Marine Air Station Yuma Arizona Coin is made from polished bronze with a smooth cut edge. The front of the coin features the words ‘Marine Corps Air Station Yuma, Arizona’ in white against a blue background. The center of the challenge coin displays the desert landscape and setting sun over the mountain range. On the back of the coin is the Eagle, Globe & Anchor and the words ‘United States Marine Corps – Semper Fidelis’.
This coin has the look and feel of genuine quality and would make a great addition to your collection or a special gift that any Leatherneck will appreciate. Arrives professionally & individually packaged. Made in USA.
Marine Corps Air Station Yuma Challenge Coin Features
- MCAS Yuma, Az Design.
- Bronze alloy.
- Accented in bold colors.
- Measures 1.75 in.
- Professionally & individually packaged.
- Made in USA.
- Licensed by the U.S. Marine Corps.
Marine Corps Air Station Yuma
Marine Corps Air Station Yuma (MCAS Yuma), located near Yuma, Arizona, is a prominent United States Marine Corps air station. Founded in 1928 as Fly Field, it was later transformed into Yuma Army Airfield during World War II.
MCAS Yuma is under the control of the 3rd Marine Aircraft Wing and has evolved into a key training and operational base for the USMC. It houses multiple F-35B Lightning II squadrons, Marine Aviation Weapons and Tactics Squadron 1 (MAWTS-1), Marine Operational Test and Evaluation Squadron 1 (VMX-1), and Marine Fighter Training Squadron 401 (VMFT-401) of the 4th Marine Aircraft Wing of the Marine Corps Reserve.
Apart from its USMC role, MCAS Yuma also serves a dual function as a joint-use civilian-military airport, sharing facilities with Yuma International Airport.

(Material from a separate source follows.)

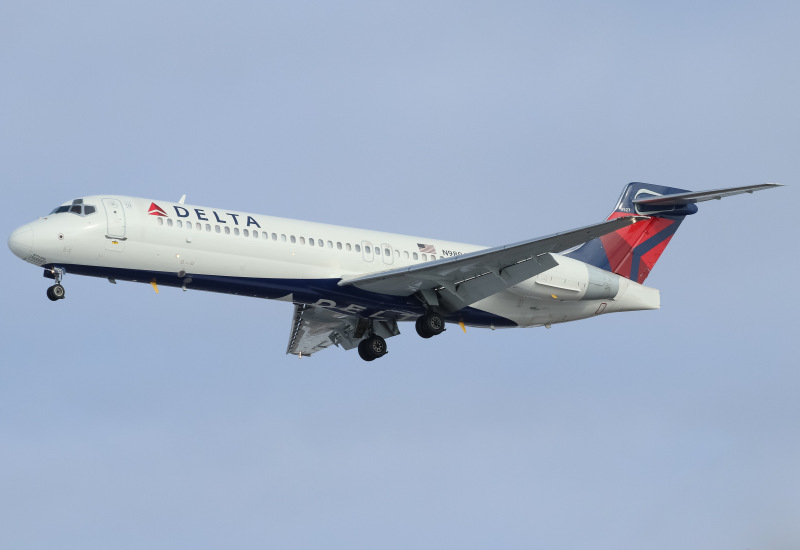 Photo of N980AT - Delta Airlines Boeing 717-200 at PHL on AeroXplorer Aviation Database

Currently, MCAS Yuma is a critical training facility for the US Marine Corps, focusing on air-to-ground operations and hosting essential aviation units. It stands out for its optimal flying conditions and extensive range areas. MCAS Yuma is a significant site for USMC aviation training and operations.
Marine Corps Challenge Coins
Marine Corps challenge coins are deeply rooted in military tradition. They symbolize honor, camaraderie, and individual accomplishments in the USMC.
Military challenge coins trace their roots back to ancient Rome, where custom coins rewarded exceptional feats. They later evolved into “portrait medals” during the Renaissance.
In the early US military, challenge coins were exclusive to high-ranking officers recognizing exceptional achievements. Notably, in World War I, a pilot’s coin saved his life by proving his identity. Some argue that modern challenge coin traditions, including in the Marine Corps, originated during the Vietnam War for bar entry.
Today, these coins signify specific achievements or service excellence and carry sentimental value, serving as tokens of significant moments in a Marine’s journey.
USMC Coin Check, Traditions, and Rules
A coin check is a spontaneous challenge where members must promptly display their coins.
Rules for coin checks are informal, allowing challenges to occur anywhere, anytime, by displaying the coin and shouting “coin check!” Accidentally dropping a coin counts as a deliberate challenge. Responding within ten seconds by presenting a unit’s coin is essential.
Consequences add a playful element: failure to produce a coin results in buying drinks for the challenger and others. Conversely, a successful challenge requires the challenger to buy a round for the group.
The tradition also includes coin theft, with successful thieves earning a drink. Coins are typically carried for easy access, with a widely accepted rule of “a step and a reach.” Presentation often occurs subtly during handshakes, with modifications like drilling holes or attaching them to belt buckles invalidating their challenge status.